Todos, separatistas y unionistas, tiran de una peligrosa cuerda llamada paciencia. El hartazgo empieza a asomar en una sociedad que ya no sabe dónde está parada.
Mientras tanto, en sólo 15 días, más de 600 empresas anunciaron que abandonan Cataluña. Los mercados hablan aunque no muevan la boca.
La solución, dicen algunos, es un referéndum legal y pactado donde voten sólo los catalanes. La salida más justa, advierten otros, sería que decidan todos los españoles. Y están, en cambio, los que piensan que la única manera de salir del laberinto es por arriba: convocar a elecciones y reformar la constitución de 1978, que fue muy útil para sellar el paso de la dictadura a la democracia y consolidar la monarquía parlamentaria, aunque muy blindada a cualquier modificación. No son pocos los que auguran que ésta sería la salida más sensata. De hecho, los dos partidos mayoritarios, el Partido Popular (PP) y el Partido Socialista (PSoe), parecen caminar por esa vía de acuerdo para, por fin, hacer un rediseño urgente del encaje territorial catalán (mayores competencias, mayor equilibrio en la asignación de fondos, entre otros).

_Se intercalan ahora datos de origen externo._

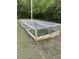 Enclosed raised garden beds offer protection for growing vegetables, fruits, or flowers at 18700 Ravenswood Rd, Altoona, FL 32702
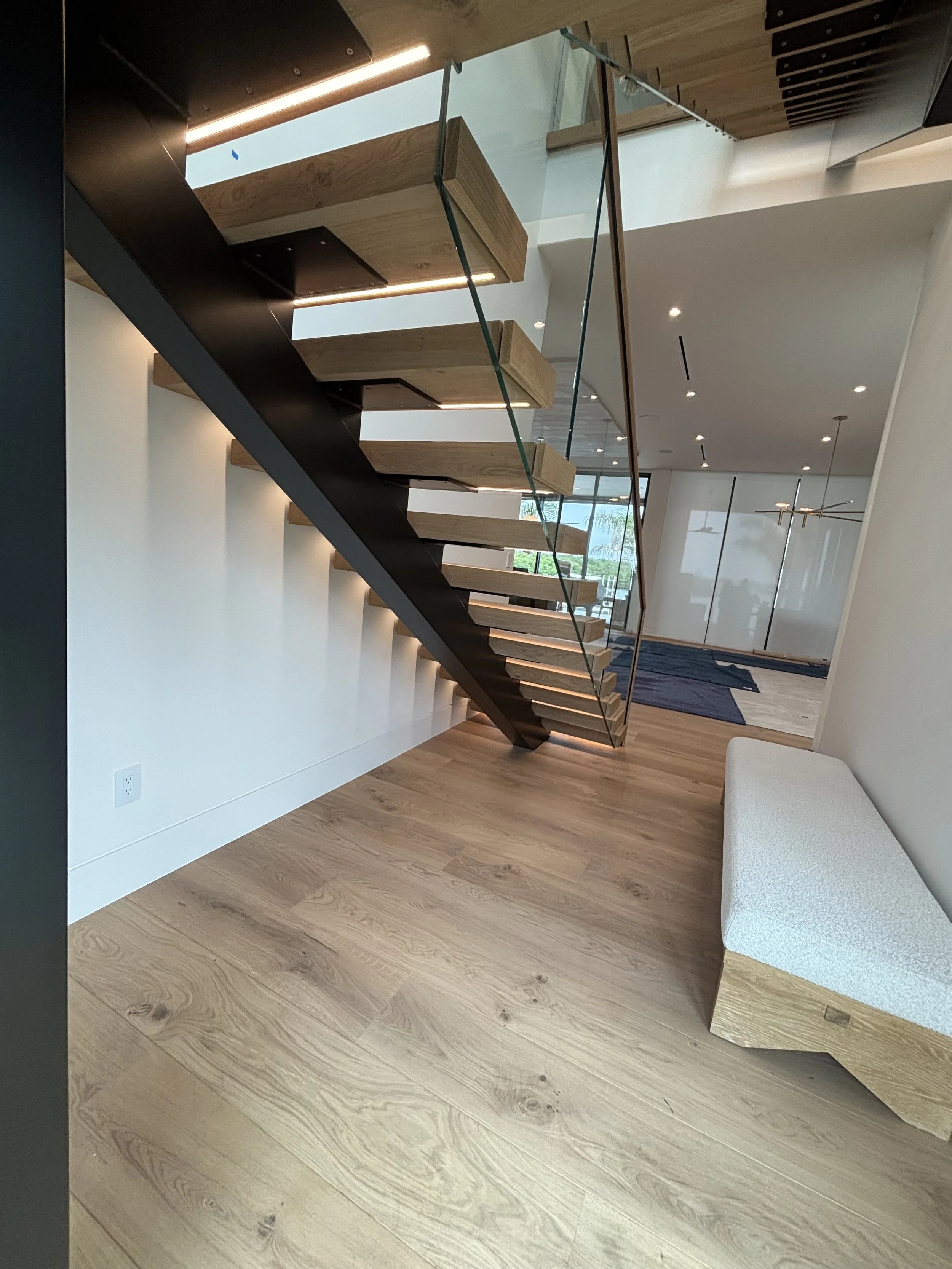 led-lights-floating-stairs-glass-railing.jpeg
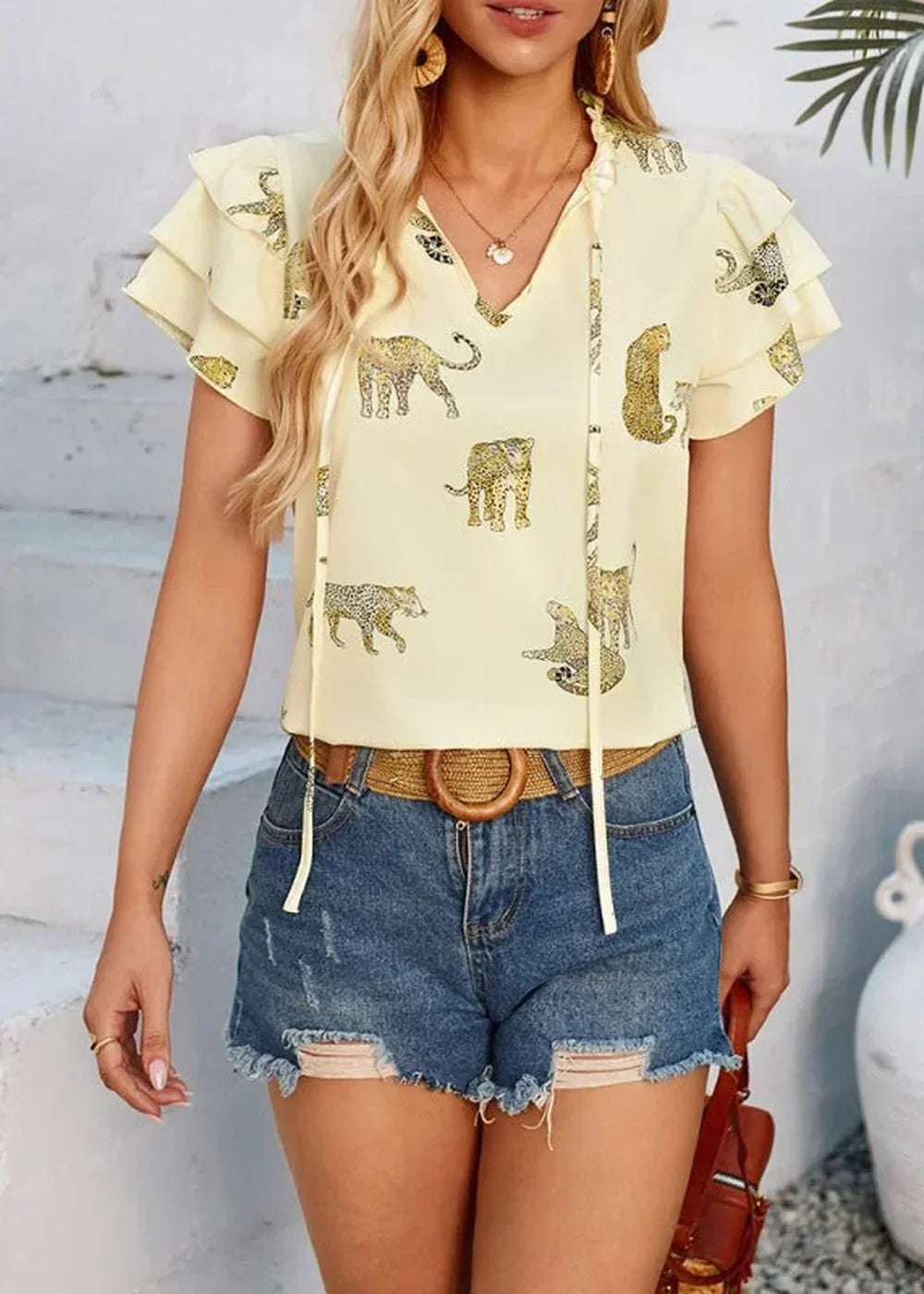 Yellow flutter sleeve top with leopard print, paired with distressed denim shorts.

La Transición Española fue ese chispazo de lucidez que sirvió mucho para resolver lo urgente. De izquierda a derecha se acordaron reglas básicas de convivencia, algo así como un manual de supervivencia para salir del infierno. Pero debajo de la alfombra de la historia se escondieron pequeñas bombas que la sociedad se encargaría de ir activando. Lo que no está no es que no existe, es que está escondido. Las telarañas del ‘78, aburridas en esa larga siesta pactista, comenzaron a dibujar palabras que incomodan pero que afloran como hongos después de la lluvia, y toman forma de preguntas: ¿República o Monarquía?, ¿Una nación o muchas en una? ¿Cuántas lenguas, banderas e himnos caben en un territorio?
Para que estos interrogantes no se respondan a los tiros en las calles como sucedió hace 81 años, es imprescindible y urgente que la política deje de mirarse el ombligo y asuma el desafío histórico de dejar al pueblo decidir qué país quiere ser.
Pero antes deberá ser consciente de algo. El pegamento que había mantenido unido al país durante cuatro décadas empezó a despegarse del vidrio. O la “España madura” se cambia el traje que ya no le entra o quedará desnuda para siempre.
El final está abierto. Este jueves, en la madrugada argentina (10 de la mañana, hora española) empezará el principio del fin. Hasta ese momento, el Presidente de la Generalitat, Carles Puigdemont, tiene tiempo para decirle por escrito al gobierno español que depone su actitud y renuncia a su vocación independentista. De lo contrario, Rajoy está dispuesto a aplicar el artículo 155 de la Constitución, que sería algo así como una intervención federal. Una suspensión de la autonomía. O, lo que es lo mismo, un recurso tan legal como polémico que seguramente supondrá un fuerte rechazo en gran parte de Cataluña, al menos en esa inmensa minoría movilizada.
* Periodista. Especialista en comunicación política.